== Segment start ==

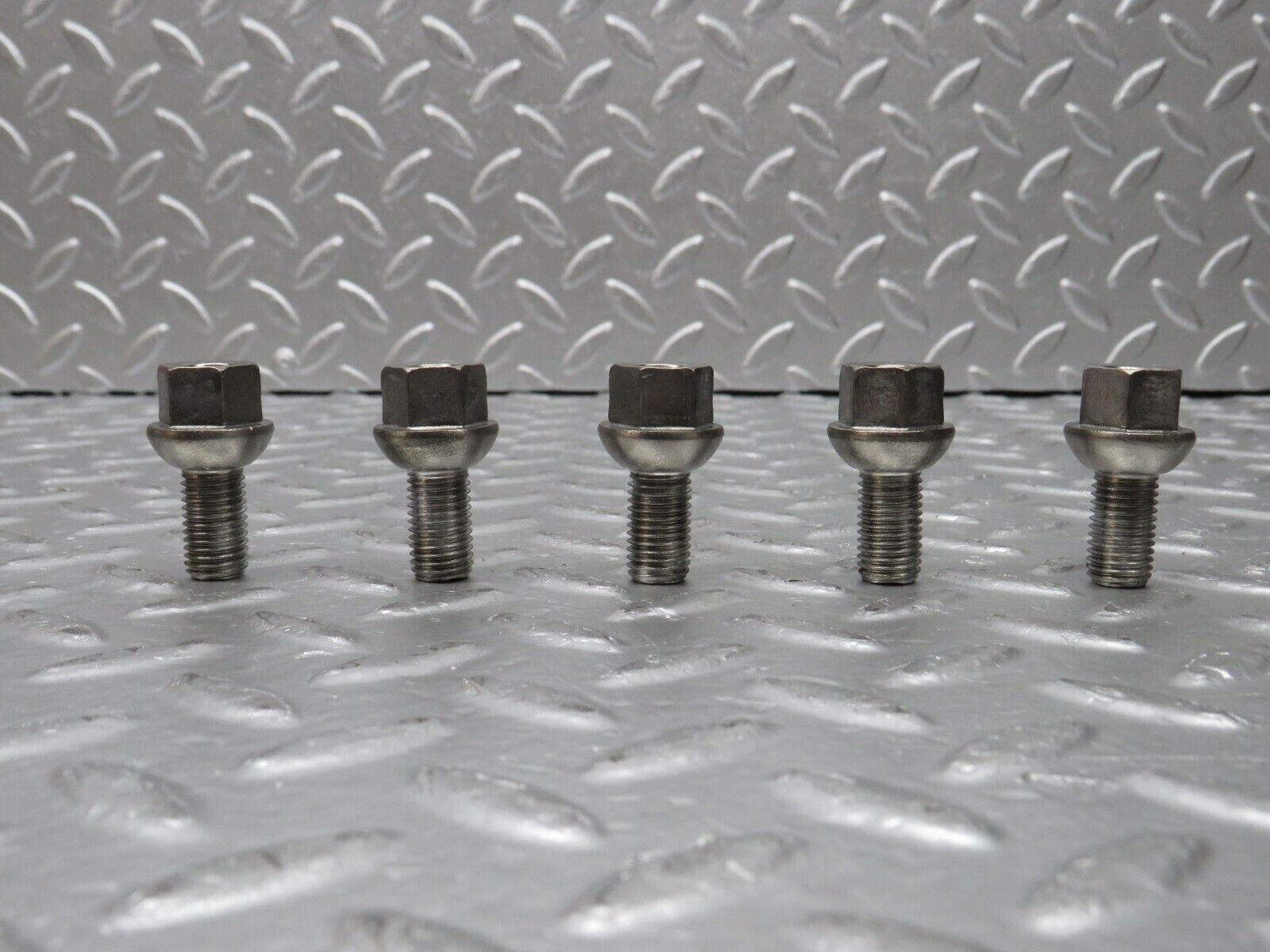 31107 Mercedes-Benz 5x Steel Wheel Lug Bolt M12x1.5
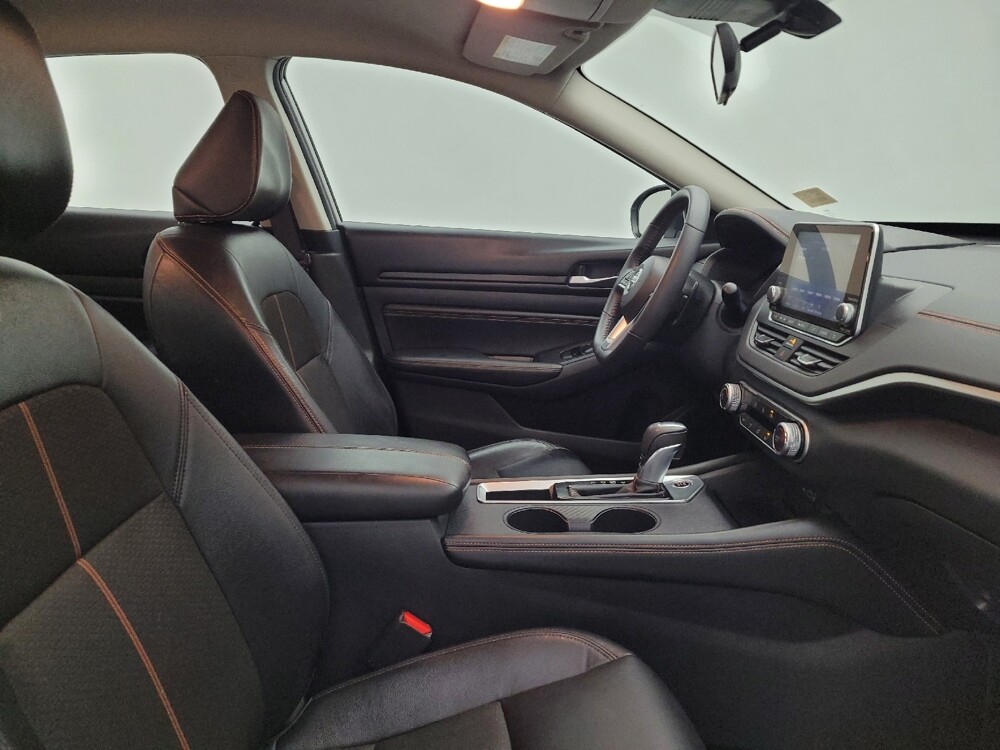 2020 Nissan Altima in Louisville, KY 40258 - 18076323 21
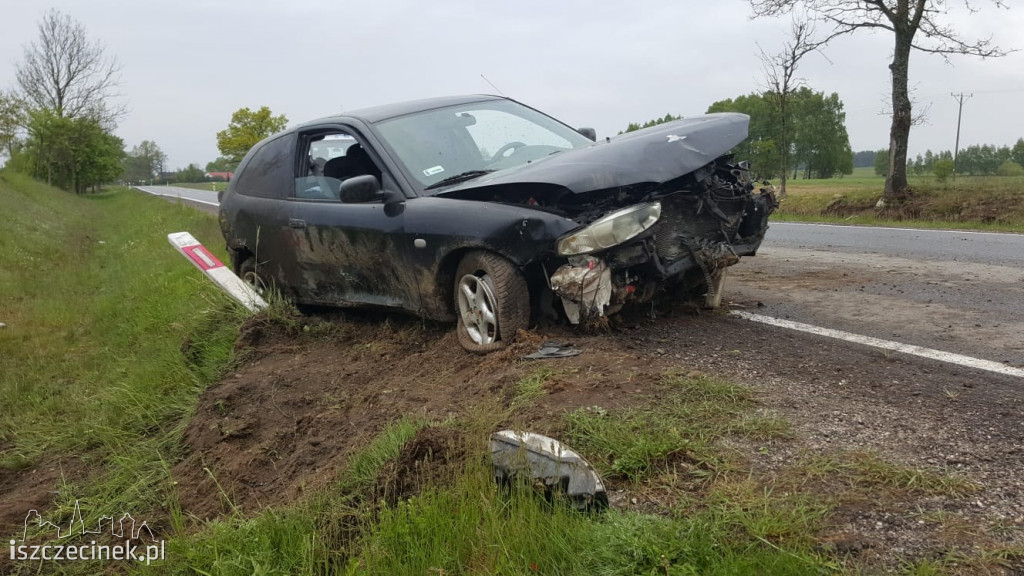 W mitsubishi podczas jazdy wystrzeliła opona. Samochodem podróżowały 3 osoby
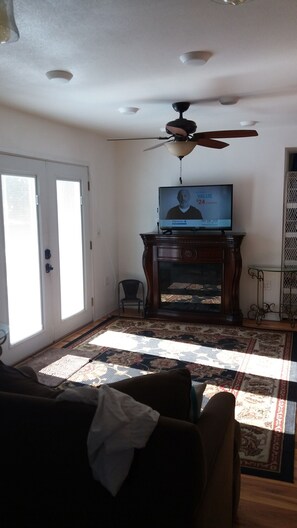 Smart TV, fireplace, DVD player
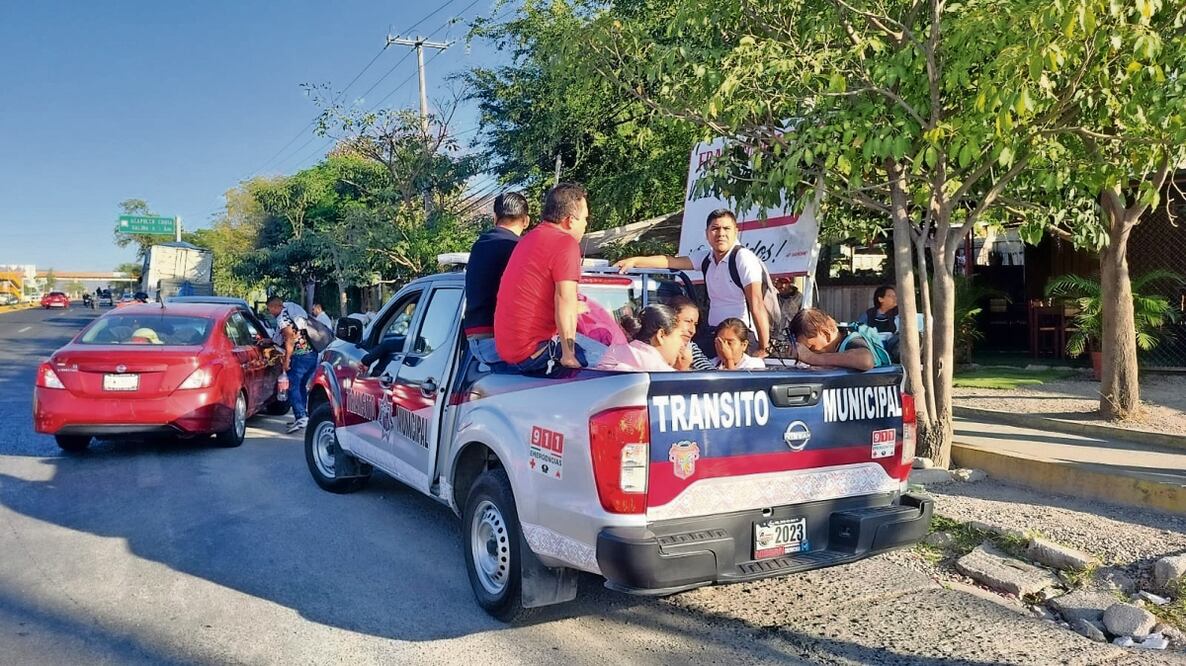 Las patrullas municipales son utilizadas para apoyar a la población, pero resultan insuficientes. Foto: Especial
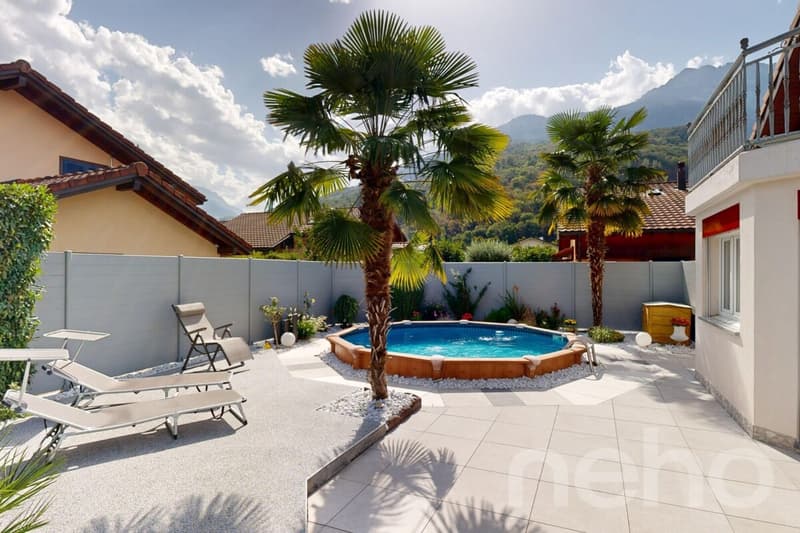 Maison individuelle rénovée avec piscine et jardin arboré à Collombey (11)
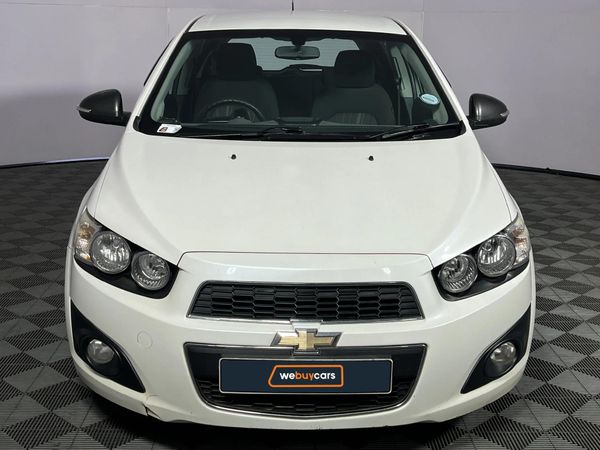 2014-Chevrolet-Sonic-16-LS-Hatch image:14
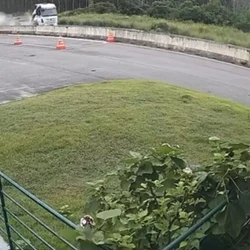 Acidente ocorreu na tarde de segunda-feira (2), no km 42 da rodovia; uma pessoa ficou gravemente ferida e a pista precisou ser interditada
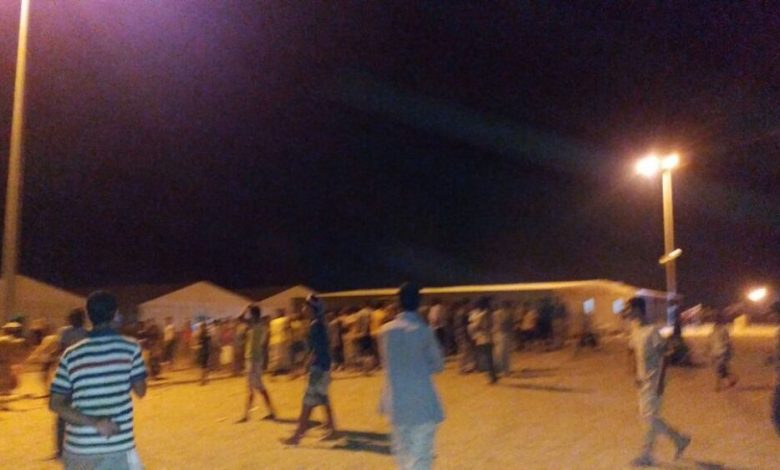 احتجاجات غاضبة لجنود جنوبيين بمعسكر سعودي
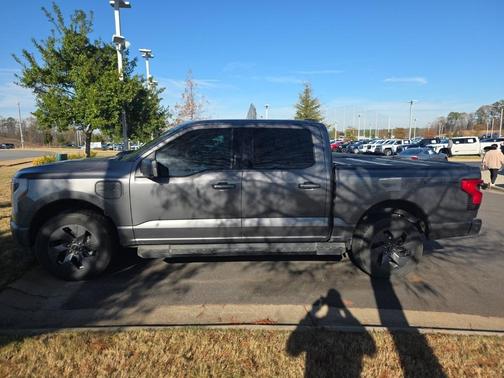 2022 Ford F-150 Lightning LARIAT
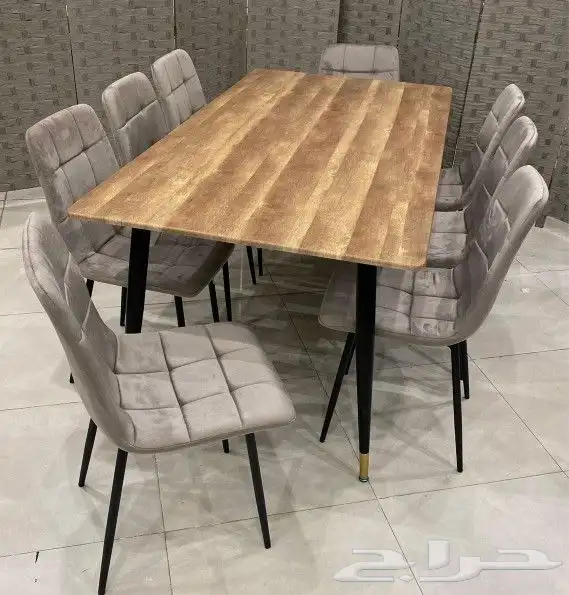 طاولات خشب جديده بلكرتون 1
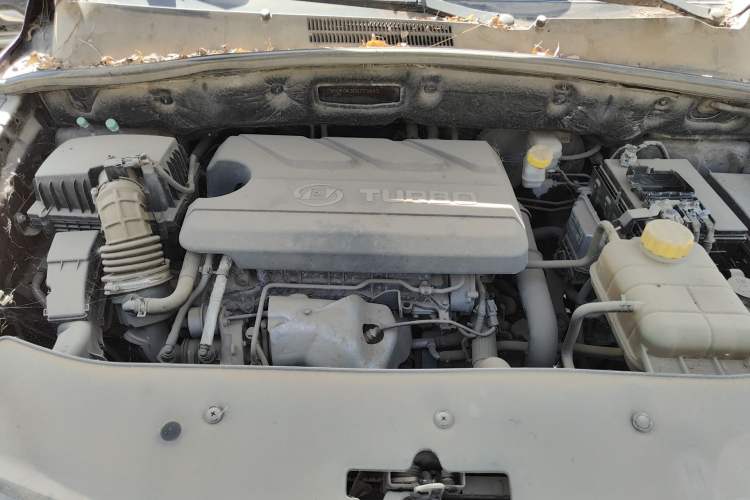 Used Baojun 560 2016 1.5T Manual Elite Edition Engine Bay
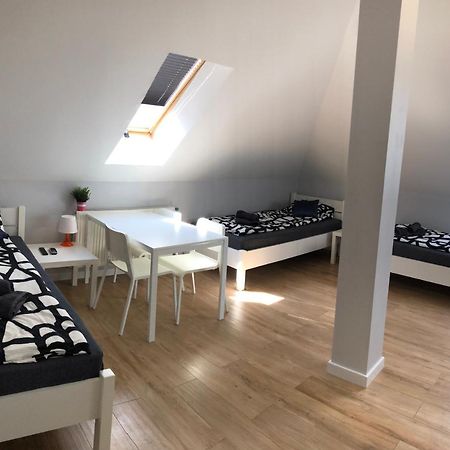 Klimatyzowane Apartamenty I Pokoje Przy Targach Kielce Exterior foto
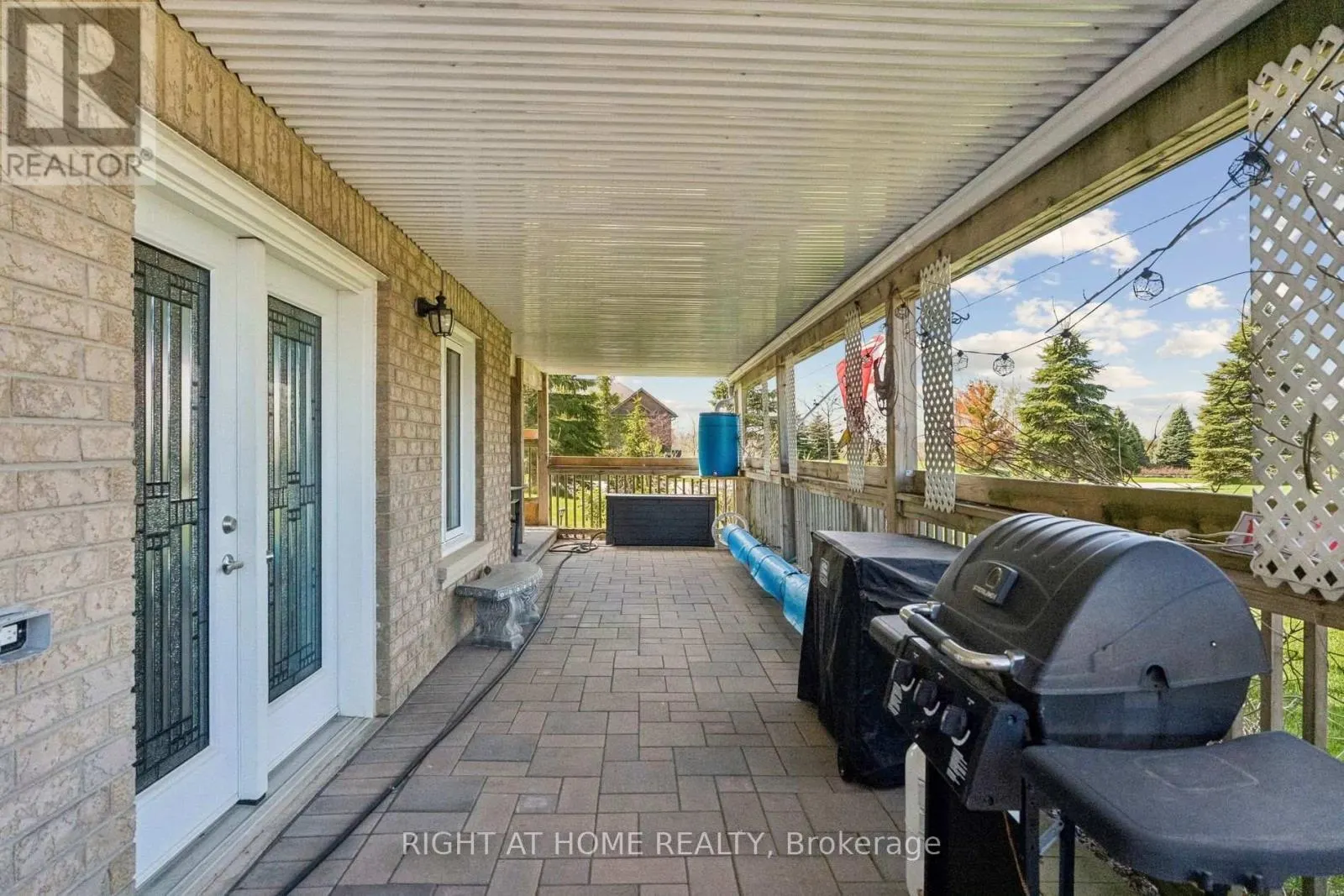 10 BROLLEY CRESCENT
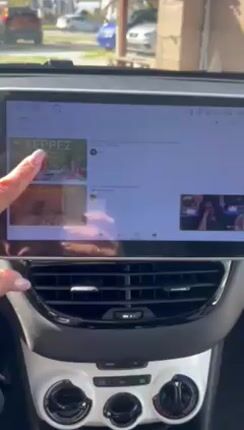 Peugeot 208 2016-thumb-1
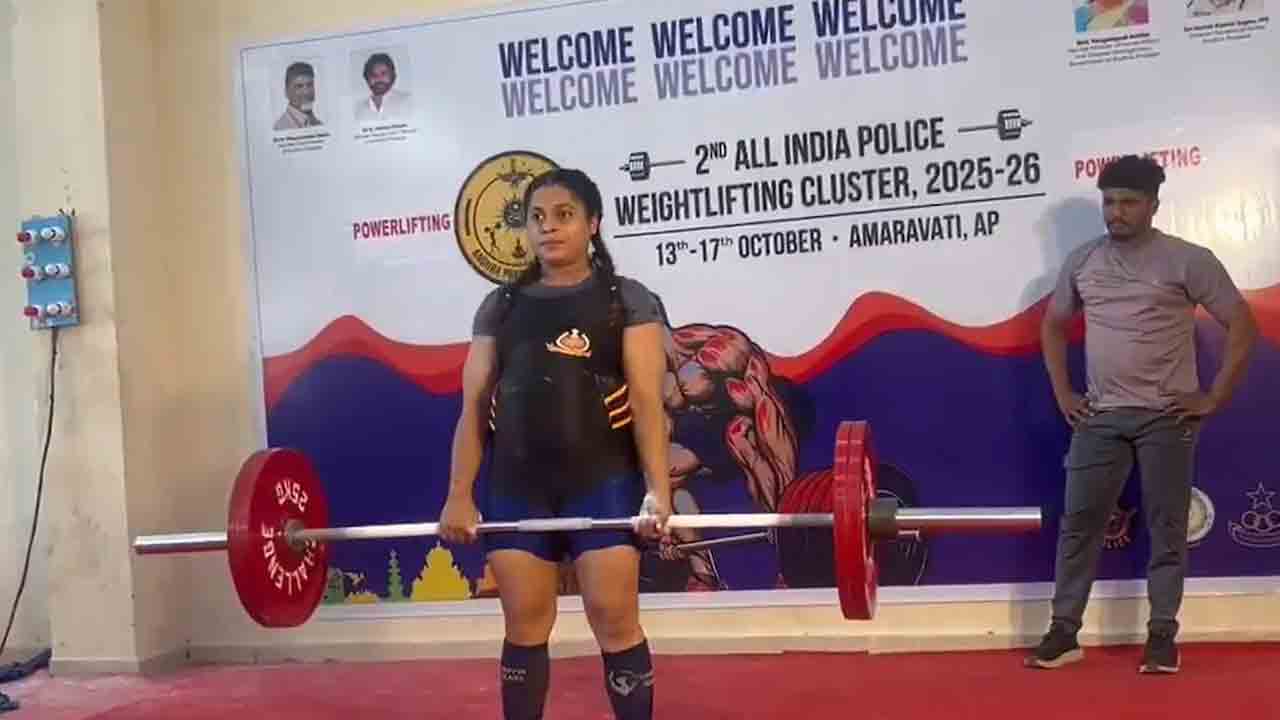 145 కిలోల బరువు ఎత్తిన 7 నెలల గర్భిణి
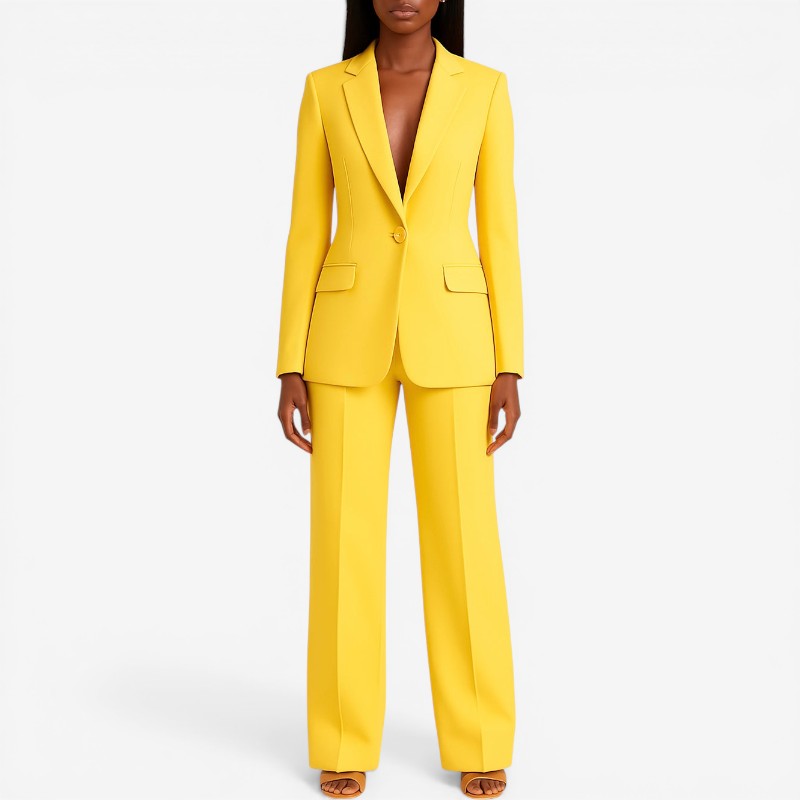 Completo da donna con blazer aderente e pantaloni su misura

== Segment end ==

§ **WHAT YOU HAVE TO DO**:
Retype exactly. Include each line from the start of the material through the line holding "Smart TV, fireplace, DVD player", and leave the pictures out.

§ **COMPLETED TASK**:
 31107 Mercedes-Benz 5x Steel Wheel Lug Bolt M12x1.5
 2020 Nissan Altima in Louisville, KY 40258 - 18076323 21
 W mitsubishi podczas jazdy wystrzeliła opona. Samochodem podróżowały 3 osoby
 Smart TV, fireplace, DVD player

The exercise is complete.